- _WHAT NEEDS TO BE DONE_: Pictures should be left out when the listing below is repeated word for word.

___ SOURCE MATERIAL ___

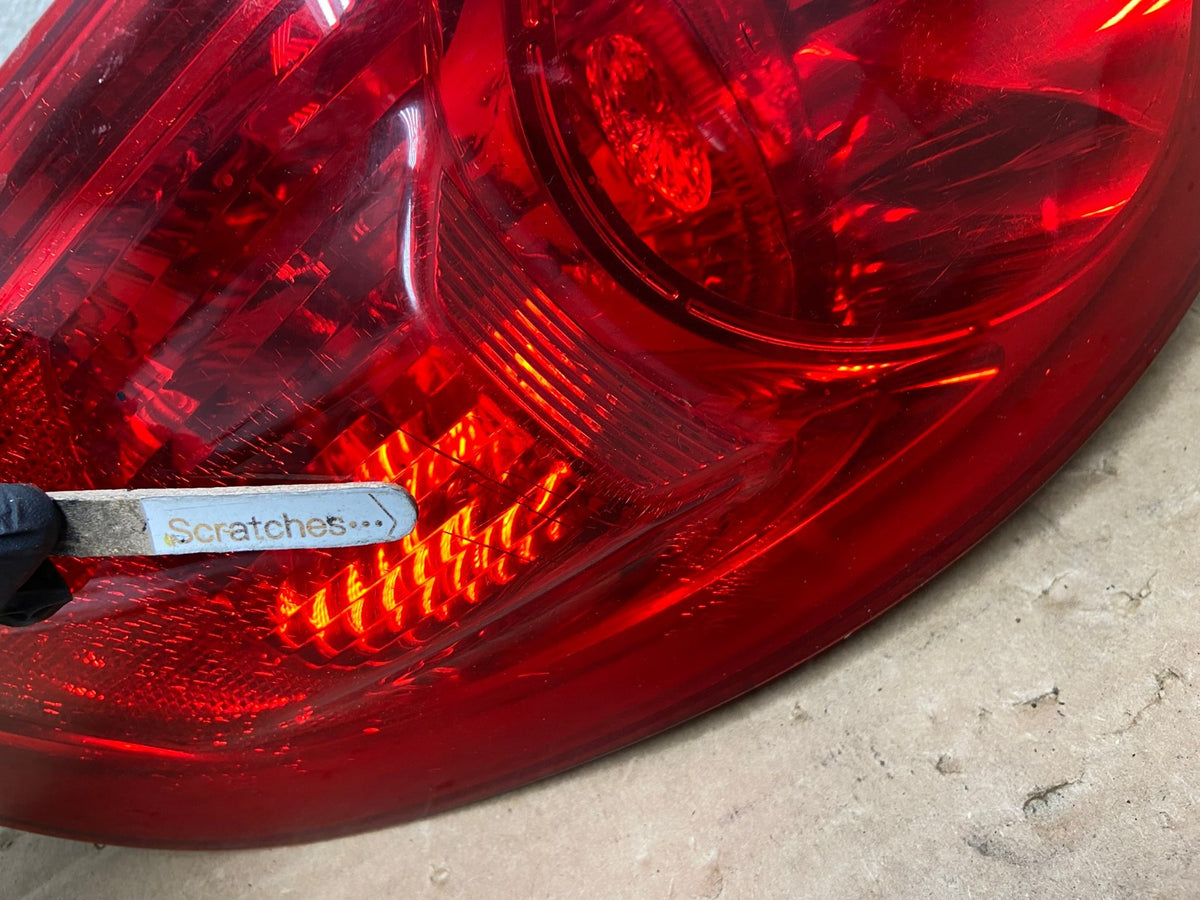2007 - 2009 Hyundai Santa Fe Left Driver LH Side Tail Light AH8489 LK3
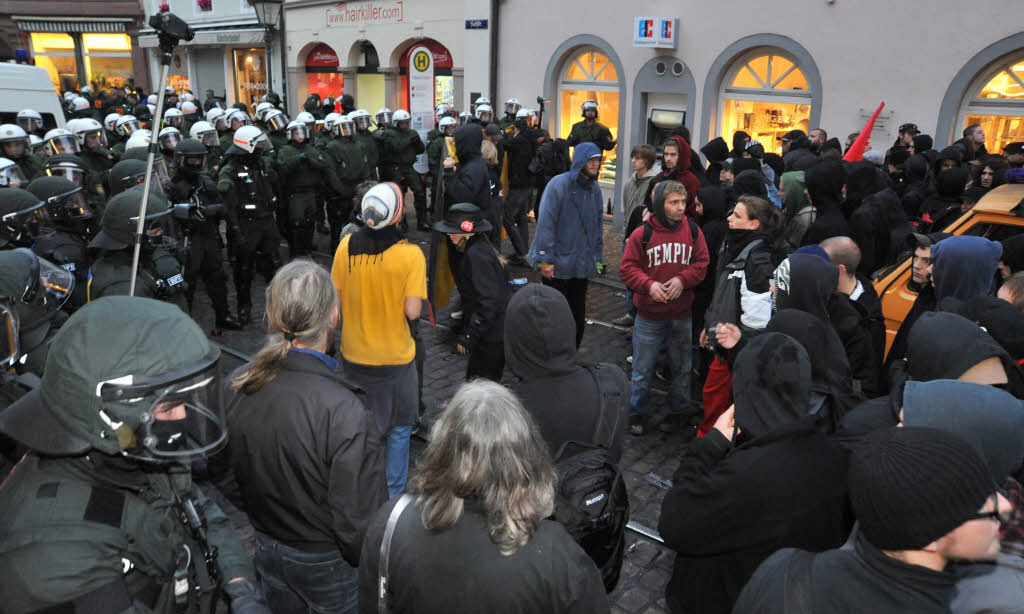 Polizei stoppt Antifa-Demo in Freiburg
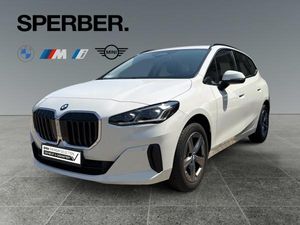 BMW 220 Active Tourer i Navi, LED, Parkass., Keyless, AHK, uvm.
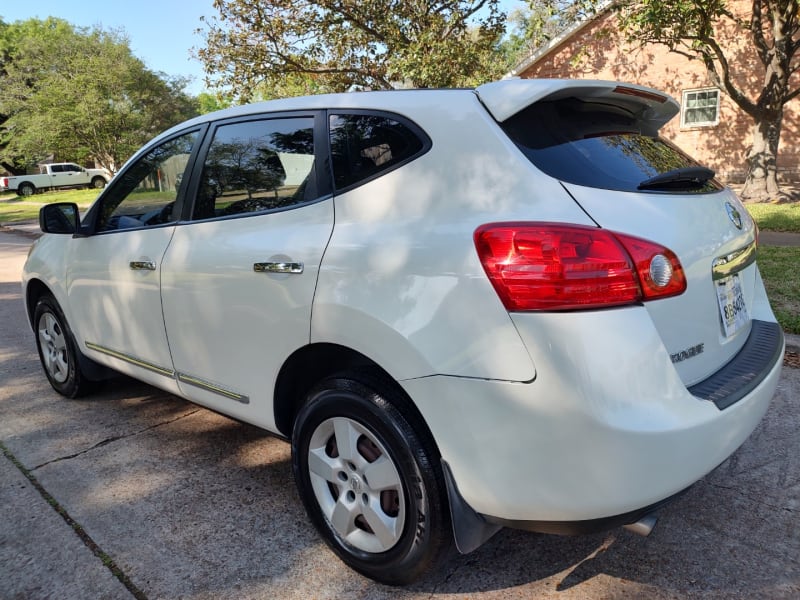 Nissan Rogue 2011 price $5,499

___

- _SOLUTION_:
2007 - 2009 Hyundai Santa Fe Left Driver LH Side Tail Light AH8489 LK3
 Polizei stoppt Antifa-Demo in Freiburg
 BMW 220 Active Tourer i Navi, LED, Parkass., Keyless, AHK, uvm.
 Nissan Rogue 2011 price $5,499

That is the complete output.